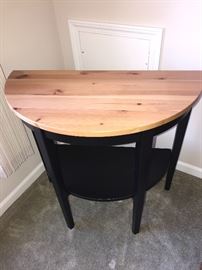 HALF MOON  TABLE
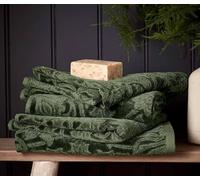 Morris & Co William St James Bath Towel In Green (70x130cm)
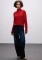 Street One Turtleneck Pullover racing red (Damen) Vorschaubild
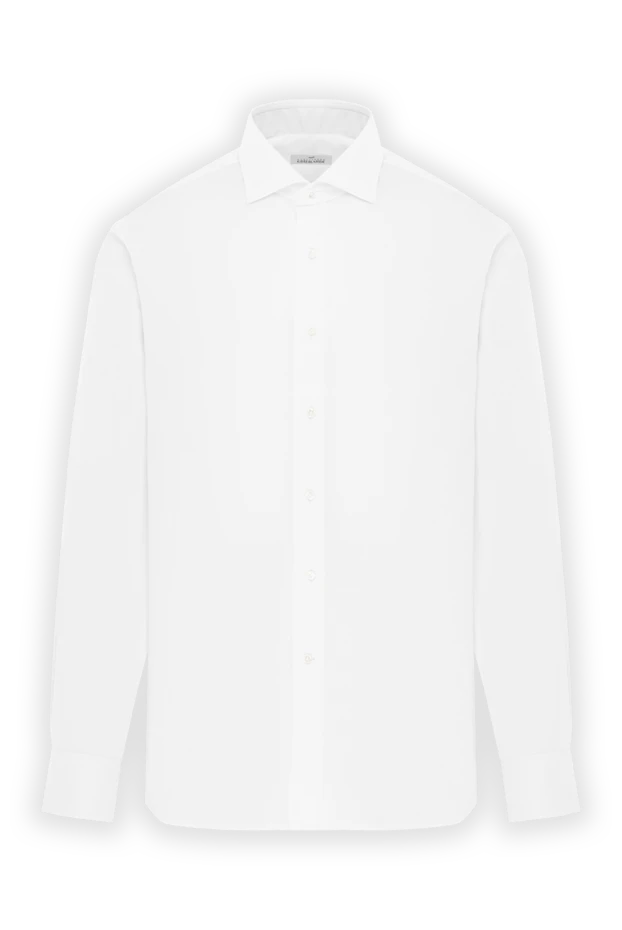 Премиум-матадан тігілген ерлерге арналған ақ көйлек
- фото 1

####

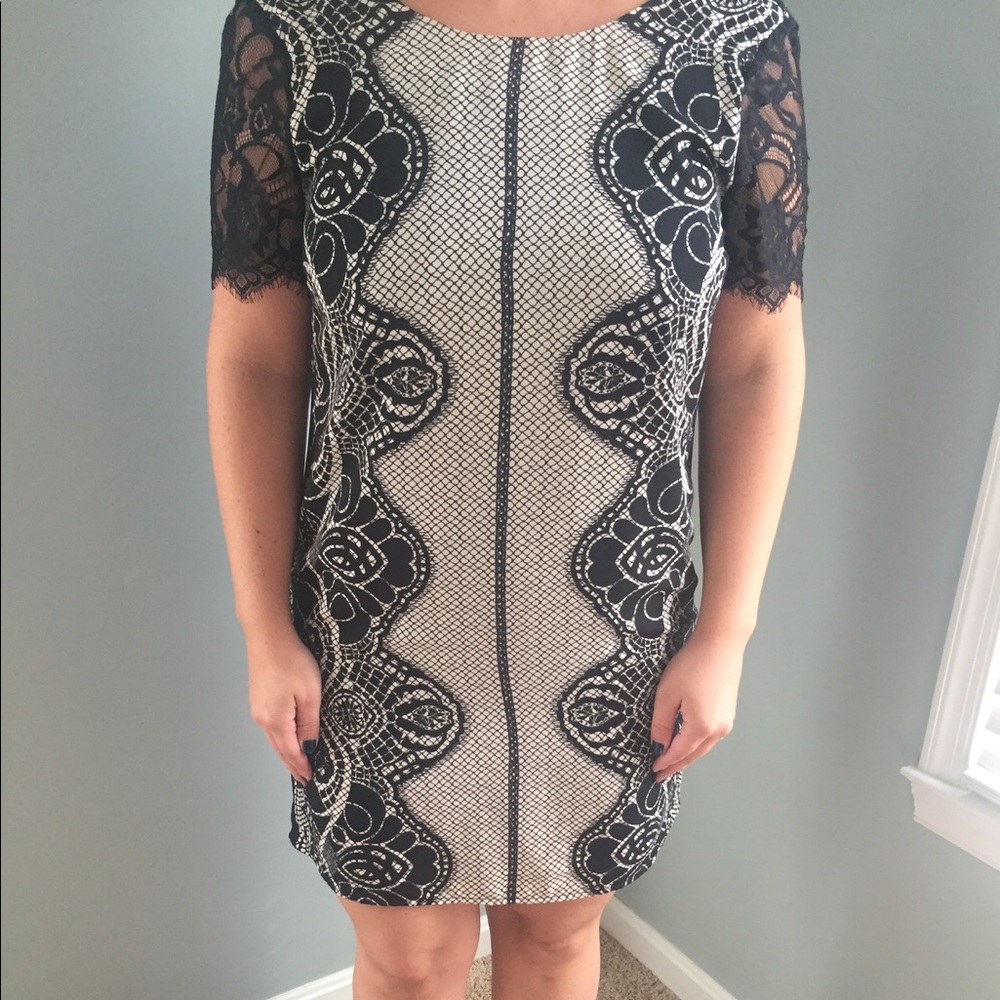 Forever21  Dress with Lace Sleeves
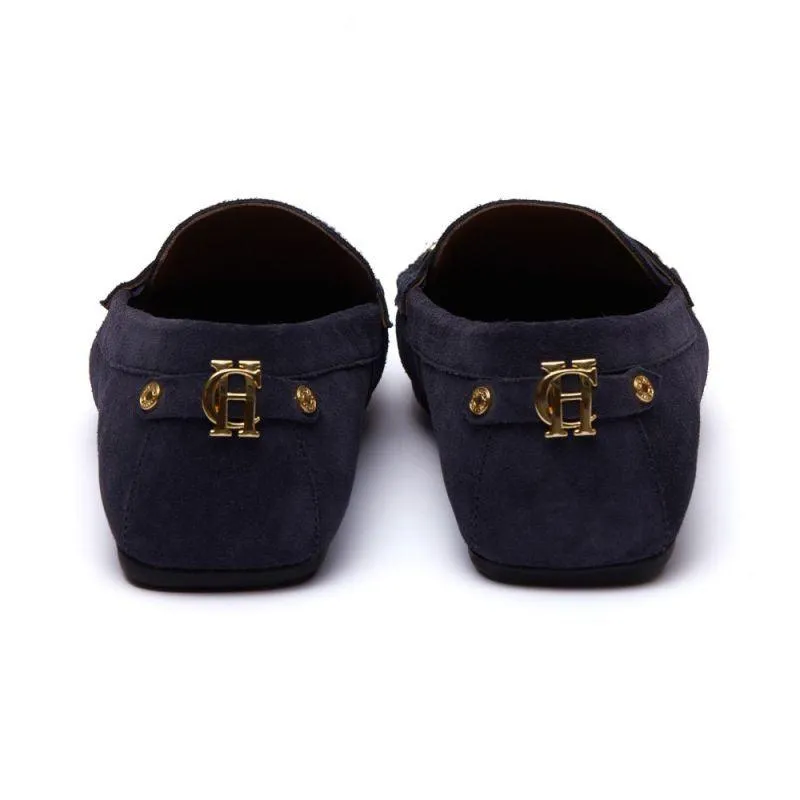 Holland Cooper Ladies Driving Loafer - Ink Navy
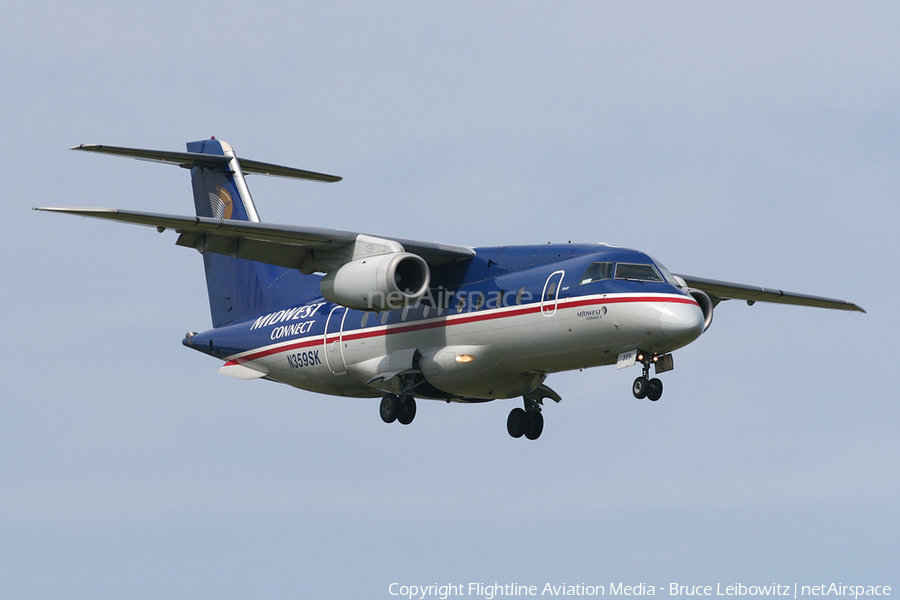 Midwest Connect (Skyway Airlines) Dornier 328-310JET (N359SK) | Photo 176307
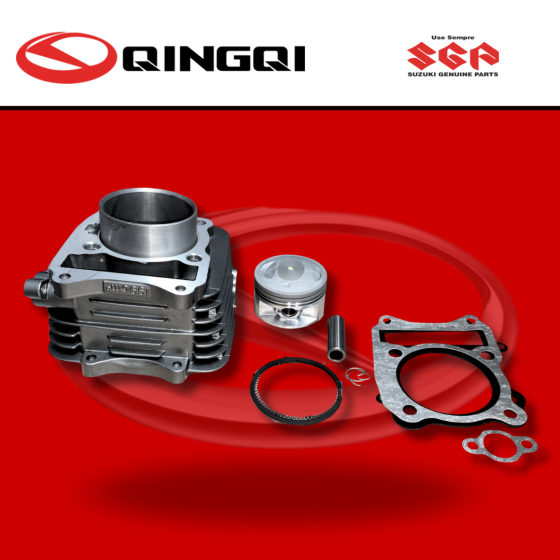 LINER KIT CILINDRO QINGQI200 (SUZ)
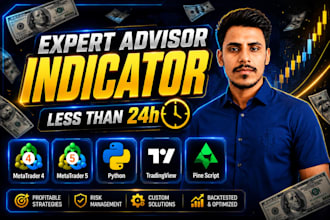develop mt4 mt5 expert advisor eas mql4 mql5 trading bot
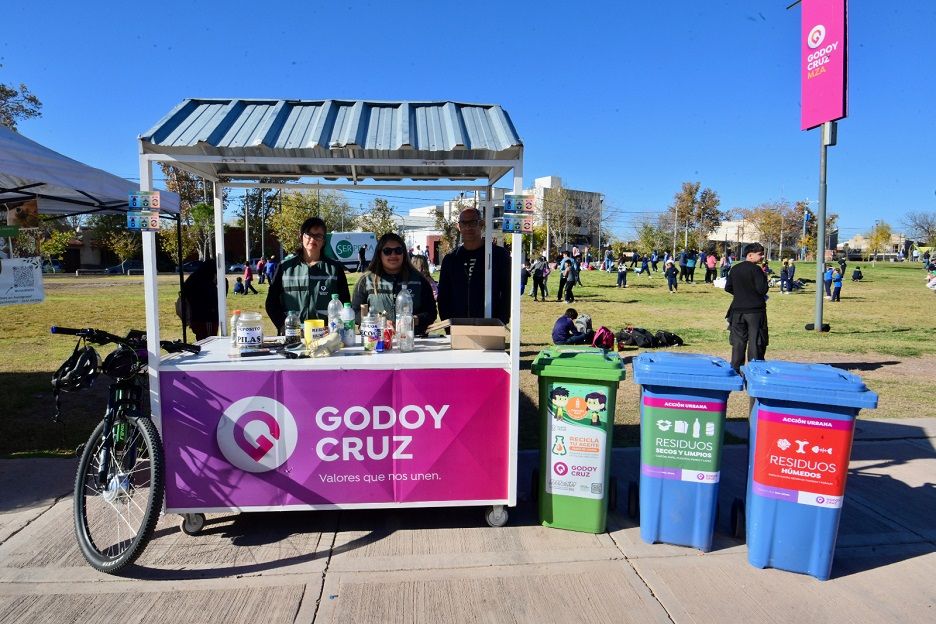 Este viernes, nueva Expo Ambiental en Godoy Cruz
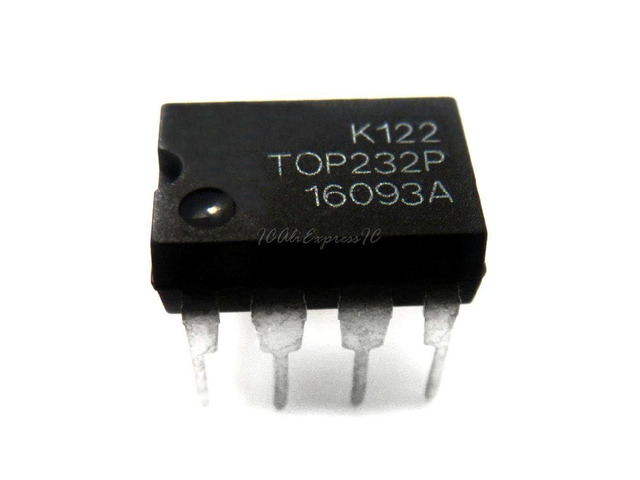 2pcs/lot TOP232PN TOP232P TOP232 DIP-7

####

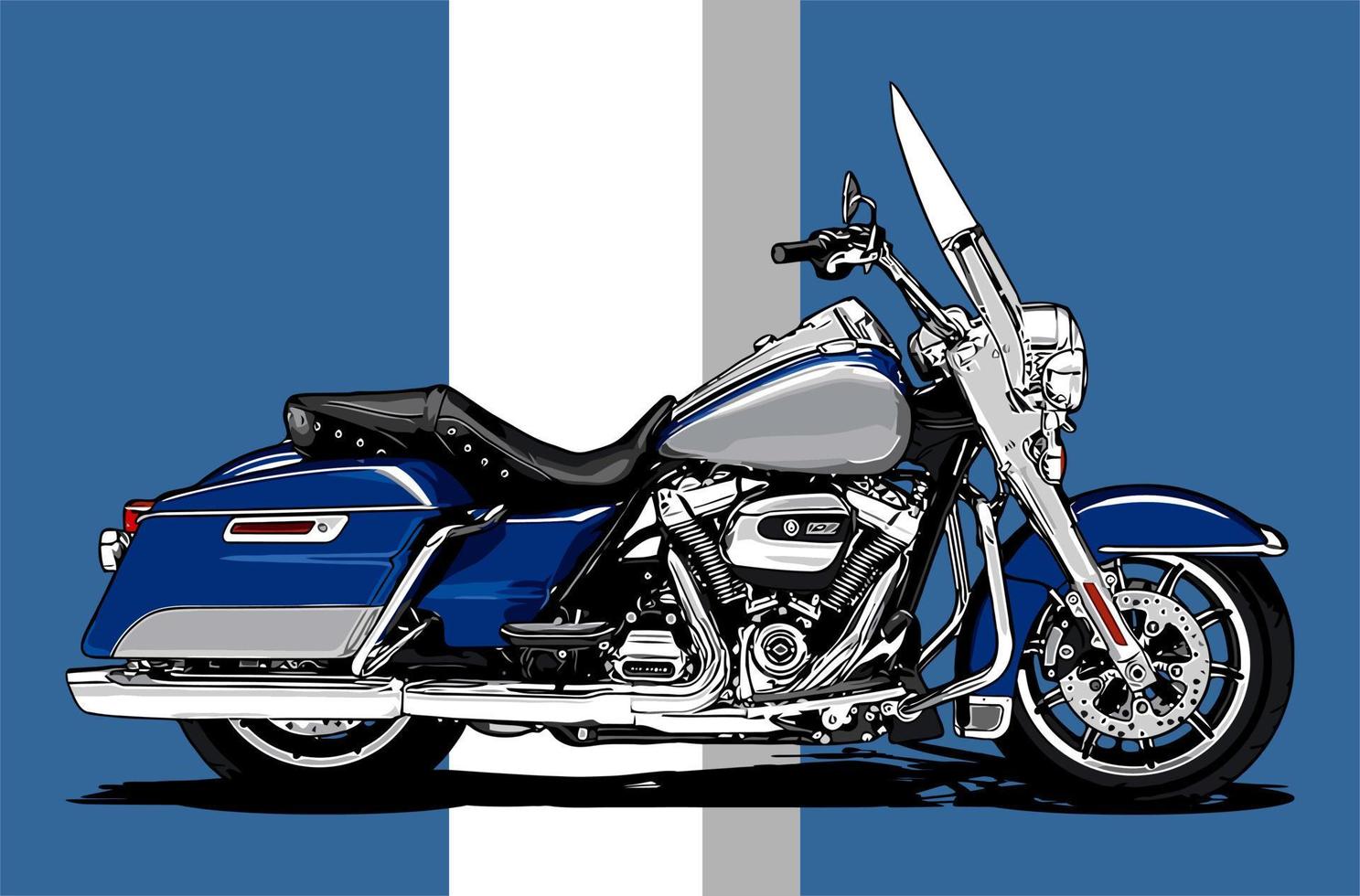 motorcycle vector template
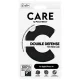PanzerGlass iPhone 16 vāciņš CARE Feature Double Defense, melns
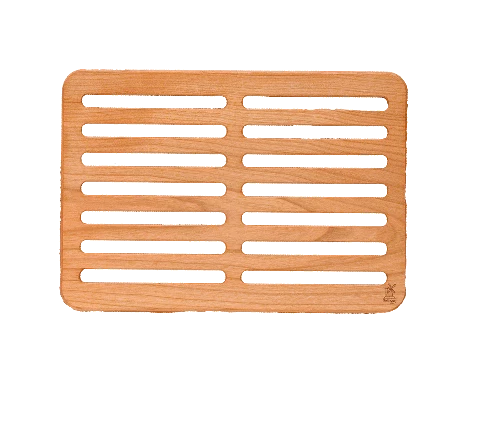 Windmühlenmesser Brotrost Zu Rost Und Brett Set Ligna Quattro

####

- Task directions: Go to the line above that contains "Holland Cooper Ladies" and reproduce everything exactly from there through the line that contains "2pcs/lot TOP232PN TOP232P TOP232 DIP-7", leaving out the pictures.

- Output below:
 Holland Cooper Ladies Driving Loafer - Ink Navy
 Midwest Connect (Skyway Airlines) Dornier 328-310JET (N359SK) | Photo 176307
 LINER KIT CILINDRO QINGQI200 (SUZ)
develop mt4 mt5 expert advisor eas mql4 mql5 trading bot
 Este viernes, nueva Expo Ambiental en Godoy Cruz
 2pcs/lot TOP232PN TOP232P TOP232 DIP-7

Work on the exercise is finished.